# Getting quotes for my lot



## Colonel K0rn (Jul 4, 2017)

I have the blessing from the wife to get irrigation installed :banana: , and have contacted one installer thus far who came out on Monday to look at the lot and come back with a quote. I'll preface this with saying that I did read some of the Irrigation Tutorials, and I think I got halfway through and then got sidetracked.

I told him I wanted to evaluate using MP Rotators as well as the Hunter PGP heads. He said that my run time is going to be much longer using the MP Rotators vs. using Rotors, and wanted to know what I had against using rotors. I told him that I liked the coverage that those gave, and of course, I was thinking about the tests that Hunter did with the MP's after torture testing them(which was pretty impressive). Of course, I don't plan on dumping shovel fulls of sand in my supply lines  He countered with the fact that it would take 99 minutes of run time(exaggerated) compared to 20 minutes for a zone that would be covered by rotors, as well as the increased cost with more heads. Frankly, I don't care about run time, I just care about the amount of water being put down. Also, I'm planning on extending the flower bed in front of the house to around the South side of the house, and tying in my drip irrigation that I already have in place.

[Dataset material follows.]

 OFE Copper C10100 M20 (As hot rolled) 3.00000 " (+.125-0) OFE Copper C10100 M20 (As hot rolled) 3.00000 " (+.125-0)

At this time, I don't plan on irrigating the back yard, but would like to have the option to do so in the future, so maybe adding a supply line to the back, and capping it off where I can expand in the future. Right now, the dogs run around there, and I'd have a hard time getting grass to grow where they're making it a dirt track. He's a respected installer(verified by my manager friend at Site One), and has been in business locally for 15 years. The quote I received didn't have any details as far as head placement, valve boxes placement, supply tap, shutoff placement, clock type, etc. to which I replied that I'm going to need more detail to properly evaluate his quote (meaning run it by you guys).

FWIW, my front yard is 4,668 sq ft, the back yard is 6,530 sqft.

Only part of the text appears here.